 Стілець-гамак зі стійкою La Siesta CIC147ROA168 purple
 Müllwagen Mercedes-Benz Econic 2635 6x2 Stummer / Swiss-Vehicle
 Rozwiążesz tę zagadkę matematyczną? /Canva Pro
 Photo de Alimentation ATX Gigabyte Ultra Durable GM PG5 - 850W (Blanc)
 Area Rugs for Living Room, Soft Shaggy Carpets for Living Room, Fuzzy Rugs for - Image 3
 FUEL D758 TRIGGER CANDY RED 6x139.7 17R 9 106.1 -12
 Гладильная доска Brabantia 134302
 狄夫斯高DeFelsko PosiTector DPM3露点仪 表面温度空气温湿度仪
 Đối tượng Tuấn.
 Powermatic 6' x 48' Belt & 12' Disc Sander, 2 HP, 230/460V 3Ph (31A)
---
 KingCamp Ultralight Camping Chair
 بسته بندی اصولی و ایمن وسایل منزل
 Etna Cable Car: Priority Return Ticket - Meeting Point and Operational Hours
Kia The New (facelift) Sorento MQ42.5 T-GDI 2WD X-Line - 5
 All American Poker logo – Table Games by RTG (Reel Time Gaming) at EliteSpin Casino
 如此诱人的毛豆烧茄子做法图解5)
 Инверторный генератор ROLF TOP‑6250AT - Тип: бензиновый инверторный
---
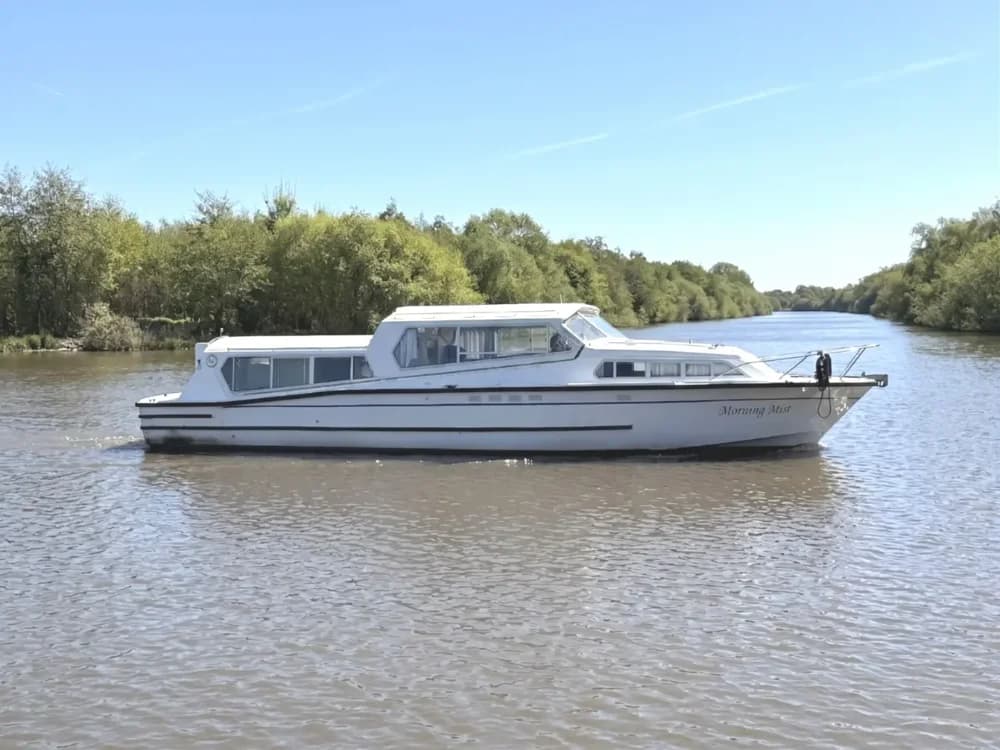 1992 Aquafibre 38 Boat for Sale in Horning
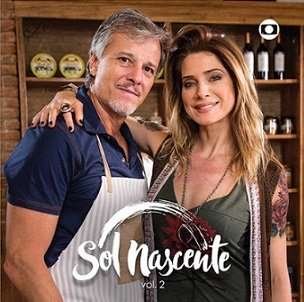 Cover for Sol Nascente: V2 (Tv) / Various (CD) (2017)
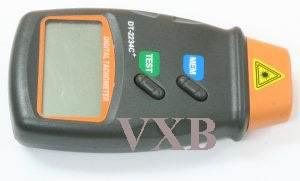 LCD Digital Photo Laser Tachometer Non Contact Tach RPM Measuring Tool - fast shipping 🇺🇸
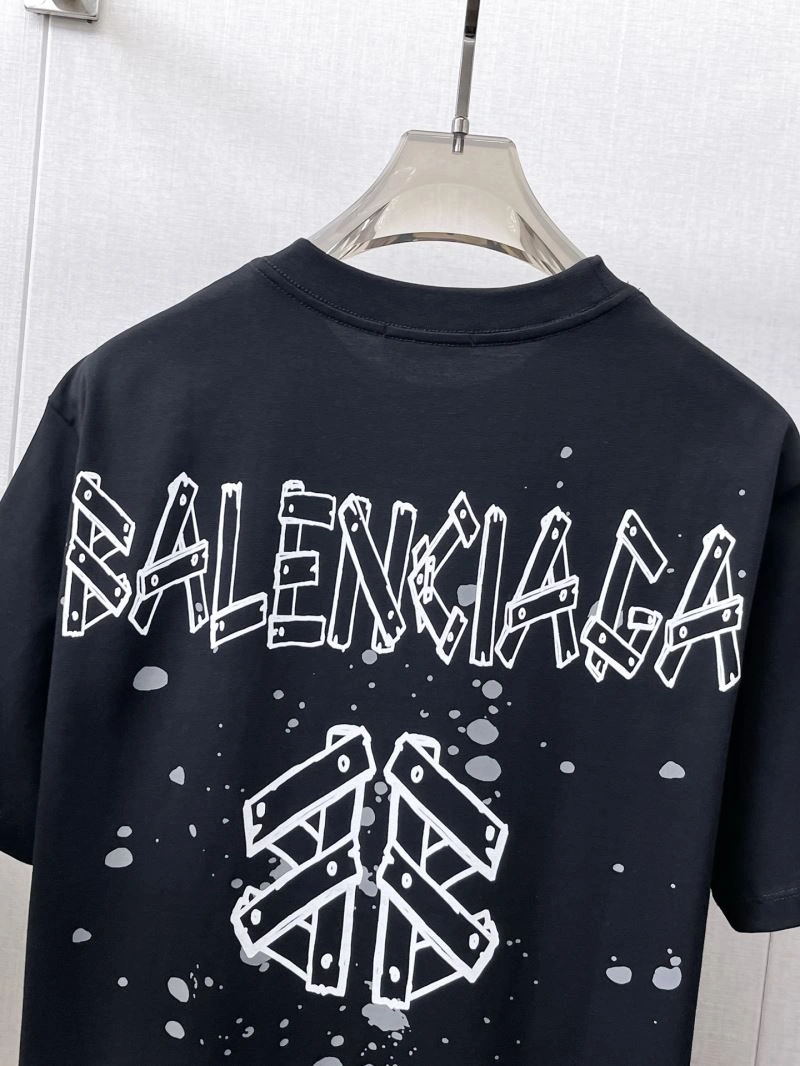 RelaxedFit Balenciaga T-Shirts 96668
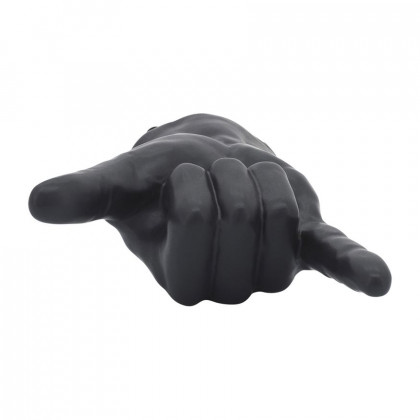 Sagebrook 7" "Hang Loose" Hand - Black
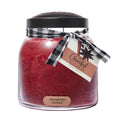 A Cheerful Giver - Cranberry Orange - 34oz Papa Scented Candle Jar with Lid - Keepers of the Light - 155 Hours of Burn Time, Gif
---
Of all the entries above, repeat only the lines from the line that has "Etna Cable Car: Priority" to the line that has "Инверторный генератор ROLF", both lines included, exactly.

 Etna Cable Car: Priority Return Ticket - Meeting Point and Operational Hours
Kia The New (facelift) Sorento MQ42.5 T-GDI 2WD X-Line - 5
 All American Poker logo – Table Games by RTG (Reel Time Gaming) at EliteSpin Casino
 如此诱人的毛豆烧茄子做法图解5)
 Инверторный генератор ROLF TOP‑6250AT - Тип: бензиновый инверторный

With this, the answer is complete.